Geopolitical tensions push oil higher ahead of key OPEC+ meeting


Oil prices

WEB DESK: Oil prices edged higher on Tuesday as worries over supply disruptions grew after fresh strikes on Russian energy sites in the ongoing war with Ukraine.

By early Asian trading, Brent crude was up 40 cents at $68.55 a barrel, while US West Texas Intermediate (WTI) rose $1.05 to $65.06. Trading in WTI had been paused on Monday due to the Labor Day holiday in the United States.

Rising tension in the conflict

Ukraine has stepped up its campaign against Russian energy assets, carrying out drone strikes that have knocked out at least 17 percent of Russia’s oil processing capacity, according to Reuters estimates. That amounts to about 1.1 million barrels of daily production.

On Sunday, President Volodymyr Zelenskiy vowed that Ukraine would carry out more strikes deeper inside Russian territory after weeks of intensifying attacks on refineries and pipelines. Russia, in turn, has increased its own bombardment of Ukraine’s energy grid and transport links.

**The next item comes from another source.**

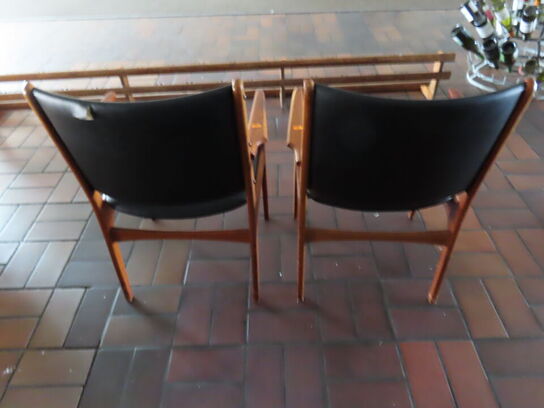 2 stk. armlænstole (den ene har skade i læder på ryggen)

“Ongoing risks to energy infrastructure in Russia remain high. Ukraine struck more Russian oil refineries over the weekend as it ramped up its attacks on infrastructure,” noted Daniel Hynes, senior commodity strategist at ANZ.

Global shifts adding pressure

Beyond the battlefield, wider geopolitical moves are also weighing on oil markets. Chinese President Xi Jinping, speaking at a summit with Russian and Indian leaders, renewed his call for a “new global order” centred on the Global South. Analysts say the pitch represents a direct challenge to US influence.

China and India remain the biggest buyers of Russian oil. While Washington has hit India with fresh tariffs over its purchases, it has not applied the same measures on China.

Investors eye OPEC+ meeting

Markets are now watching for signals from the Organisation of the Petroleum Exporting Countries and its allies, which meet on September 7. Traders are waiting to see if the group will hint at any further changes to output in response to the tightening supply outlook.

For now, oil prices remain sensitive to every new strike and statement, as the war shows no signs of easing and the geopolitical stage grows more crowded.